Iran Lawmakers Resign As Crisis Deepens

 

By ALI AKBAR DAREINI, Associated Press Writer

TEHRAN, Iran - More than a third of the Iranian parliament resigned Sunday and the speaker delivered a stinging rebuke to the hard-line Guardian Council for its disqualification of hundreds of liberal candidates in upcoming elections.

 A letter of resignation was submitted to parliamentary speaker Mahdi Karroubi by reformists who said they could not go ahead with the Feb. 20 vote. It was initially signed by 109 liberal legislators, but later grew to 117 members.

In a letter read aloud in the 290-seat Majlis, or parliament, liberal lawmaker Rajab Ali Mazrouie said that the result of elections held under restrictions imposed by the hard-liners would be a foregone conclusion.

"An election whose result is clear beforehand is a treason to the rights and ideals of the nation," the lawmaker told some 200 legislators attending Sunday's session.

Such elections would be "illegitimate and unacceptable to the nation," he said.

After the letter was read out, all the resigning lawmakers stood and gathered in the center of the chamber in a show of solidarity.

It wasn't immediately clear if the resignations were final or if the legislature's powers will be impeded by the departure of so many if its members.

Karroubi said each resignation will be discussed and put to vote in future sessions, but he did not say how long that process will take. He insisted that the final decision on whether to accept the resignations rests with parliament.

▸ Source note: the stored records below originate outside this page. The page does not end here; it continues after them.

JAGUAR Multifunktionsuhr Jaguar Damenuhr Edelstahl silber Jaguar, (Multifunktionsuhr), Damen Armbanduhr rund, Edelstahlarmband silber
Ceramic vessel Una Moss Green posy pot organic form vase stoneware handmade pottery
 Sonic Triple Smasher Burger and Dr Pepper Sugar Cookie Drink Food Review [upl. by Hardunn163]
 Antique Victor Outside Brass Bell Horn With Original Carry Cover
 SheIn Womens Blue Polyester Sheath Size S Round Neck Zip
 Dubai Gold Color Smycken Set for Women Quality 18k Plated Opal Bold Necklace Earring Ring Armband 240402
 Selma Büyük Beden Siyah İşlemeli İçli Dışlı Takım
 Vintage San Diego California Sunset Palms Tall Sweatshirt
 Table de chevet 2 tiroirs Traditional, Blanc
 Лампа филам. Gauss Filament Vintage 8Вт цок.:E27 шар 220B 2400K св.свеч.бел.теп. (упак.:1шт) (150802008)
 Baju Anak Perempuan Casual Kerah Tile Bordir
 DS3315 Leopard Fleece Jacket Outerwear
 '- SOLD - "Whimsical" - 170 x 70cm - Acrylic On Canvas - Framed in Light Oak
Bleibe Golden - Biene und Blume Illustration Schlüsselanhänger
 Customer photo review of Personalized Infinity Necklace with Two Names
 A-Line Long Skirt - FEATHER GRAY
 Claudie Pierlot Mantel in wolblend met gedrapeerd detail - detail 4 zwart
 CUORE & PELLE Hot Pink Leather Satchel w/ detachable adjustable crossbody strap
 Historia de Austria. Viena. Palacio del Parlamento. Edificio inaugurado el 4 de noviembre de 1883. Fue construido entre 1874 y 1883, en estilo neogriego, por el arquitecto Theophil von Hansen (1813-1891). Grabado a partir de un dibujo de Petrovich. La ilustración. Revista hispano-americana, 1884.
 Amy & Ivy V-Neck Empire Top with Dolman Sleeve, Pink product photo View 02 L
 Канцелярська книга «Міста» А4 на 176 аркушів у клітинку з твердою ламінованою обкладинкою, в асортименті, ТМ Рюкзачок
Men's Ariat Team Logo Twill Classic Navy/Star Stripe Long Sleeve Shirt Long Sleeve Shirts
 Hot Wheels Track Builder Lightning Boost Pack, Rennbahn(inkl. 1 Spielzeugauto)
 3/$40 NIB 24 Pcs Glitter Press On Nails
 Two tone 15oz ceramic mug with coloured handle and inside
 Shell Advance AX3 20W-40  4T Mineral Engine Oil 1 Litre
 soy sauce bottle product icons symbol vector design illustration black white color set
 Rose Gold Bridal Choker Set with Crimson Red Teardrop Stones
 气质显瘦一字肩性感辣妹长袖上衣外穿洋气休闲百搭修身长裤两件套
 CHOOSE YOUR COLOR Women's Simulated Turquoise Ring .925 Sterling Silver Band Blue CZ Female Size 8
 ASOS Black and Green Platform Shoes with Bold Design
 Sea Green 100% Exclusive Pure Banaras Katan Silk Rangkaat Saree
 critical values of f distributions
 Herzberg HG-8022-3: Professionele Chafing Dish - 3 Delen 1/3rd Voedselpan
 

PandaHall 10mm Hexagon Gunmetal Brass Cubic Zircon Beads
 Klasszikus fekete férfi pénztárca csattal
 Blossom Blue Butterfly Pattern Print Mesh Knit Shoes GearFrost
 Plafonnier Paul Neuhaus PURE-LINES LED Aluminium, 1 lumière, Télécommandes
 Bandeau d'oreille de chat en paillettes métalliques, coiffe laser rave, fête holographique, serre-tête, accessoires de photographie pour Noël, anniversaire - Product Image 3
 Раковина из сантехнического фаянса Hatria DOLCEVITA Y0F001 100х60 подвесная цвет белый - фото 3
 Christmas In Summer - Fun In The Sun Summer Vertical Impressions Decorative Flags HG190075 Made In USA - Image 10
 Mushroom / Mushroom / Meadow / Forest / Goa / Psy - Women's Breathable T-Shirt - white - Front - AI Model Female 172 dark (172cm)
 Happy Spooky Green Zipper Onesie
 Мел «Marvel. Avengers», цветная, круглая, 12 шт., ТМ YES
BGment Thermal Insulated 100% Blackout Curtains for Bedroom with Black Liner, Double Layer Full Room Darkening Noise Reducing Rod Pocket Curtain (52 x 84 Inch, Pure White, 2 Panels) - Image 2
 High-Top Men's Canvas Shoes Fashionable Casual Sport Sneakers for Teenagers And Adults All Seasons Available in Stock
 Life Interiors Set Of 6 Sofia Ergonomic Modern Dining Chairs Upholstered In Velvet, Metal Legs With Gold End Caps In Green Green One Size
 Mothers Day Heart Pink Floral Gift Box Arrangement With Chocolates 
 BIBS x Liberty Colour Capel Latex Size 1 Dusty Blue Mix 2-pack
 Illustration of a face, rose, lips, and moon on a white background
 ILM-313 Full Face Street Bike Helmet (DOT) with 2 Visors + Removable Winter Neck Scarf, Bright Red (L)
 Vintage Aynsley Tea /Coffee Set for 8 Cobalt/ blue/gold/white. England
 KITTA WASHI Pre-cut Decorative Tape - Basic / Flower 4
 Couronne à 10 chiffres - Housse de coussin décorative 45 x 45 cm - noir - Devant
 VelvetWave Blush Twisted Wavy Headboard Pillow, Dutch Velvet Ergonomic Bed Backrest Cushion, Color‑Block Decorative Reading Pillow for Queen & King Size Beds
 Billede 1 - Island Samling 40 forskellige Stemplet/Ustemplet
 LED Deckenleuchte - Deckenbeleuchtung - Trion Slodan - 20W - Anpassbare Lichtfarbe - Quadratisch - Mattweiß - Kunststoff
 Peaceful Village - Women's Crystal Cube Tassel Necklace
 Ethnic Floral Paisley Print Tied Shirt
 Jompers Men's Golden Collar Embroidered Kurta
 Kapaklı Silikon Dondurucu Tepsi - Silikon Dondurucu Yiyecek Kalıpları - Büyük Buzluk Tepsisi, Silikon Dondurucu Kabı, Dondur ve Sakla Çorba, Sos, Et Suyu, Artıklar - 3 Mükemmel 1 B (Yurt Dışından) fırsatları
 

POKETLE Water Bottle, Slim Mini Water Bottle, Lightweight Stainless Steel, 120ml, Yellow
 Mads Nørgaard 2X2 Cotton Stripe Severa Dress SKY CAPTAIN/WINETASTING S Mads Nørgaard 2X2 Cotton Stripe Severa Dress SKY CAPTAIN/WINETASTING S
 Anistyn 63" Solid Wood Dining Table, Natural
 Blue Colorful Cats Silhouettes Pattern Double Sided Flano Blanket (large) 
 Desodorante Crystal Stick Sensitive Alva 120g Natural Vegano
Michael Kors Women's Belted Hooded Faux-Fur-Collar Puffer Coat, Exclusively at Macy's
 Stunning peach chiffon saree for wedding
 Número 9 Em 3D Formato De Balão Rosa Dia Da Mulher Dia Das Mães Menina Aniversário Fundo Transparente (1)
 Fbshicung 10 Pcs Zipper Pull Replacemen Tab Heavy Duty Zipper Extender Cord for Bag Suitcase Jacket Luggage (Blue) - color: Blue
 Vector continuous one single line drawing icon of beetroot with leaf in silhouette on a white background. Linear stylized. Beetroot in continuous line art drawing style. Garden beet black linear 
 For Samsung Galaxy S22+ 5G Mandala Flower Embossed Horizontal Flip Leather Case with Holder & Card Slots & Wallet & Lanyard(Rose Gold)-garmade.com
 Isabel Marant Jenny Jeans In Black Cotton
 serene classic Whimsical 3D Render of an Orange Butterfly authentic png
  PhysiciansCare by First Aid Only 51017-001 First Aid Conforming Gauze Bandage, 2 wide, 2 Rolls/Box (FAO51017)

The speaker also said that he and reformist President Mohammad Khatami had begun "new efforts" to resolve the crisis, including discussions with Iran's supreme leader, Ayatollah Ali Khamenei, who hand-picks most of the 12 clerics on the Guardian Council and can overrule its decisions.

Karroubi appealed to Khamenei to intervene, and he accused the Guardian Council of "disrespecting democratic values and having no faith in a popular vote."

In stinging comments directed at the council, Karroubi questioned their loyalty to Islam.

"Are you loyal to Islam if you daily pray, but then trample on the rights of the people," Karroubi, a cleric, said to widespread applause by lawmakers.

The resignations came a day after the pro-reform President Mohammad Khatami, suffering severe back pain, called off an emergency Cabinet meeting that was to deal with the confrontation.

Among those attending the session was vice president Mohammad Ali Abtahi, who appeared shocked and was clearly worried. He did not talk to reporters.

Mohsen Mirdamadi, a pro-reform lawmaker who resigned and was earlier rejected by the Guardian Council, said that the lawmakers would not compromise their democratic beliefs.

"We will not compromise on the most basic rights of the nation, that is, the right to freely choose and be chosen," Mirdamadi said.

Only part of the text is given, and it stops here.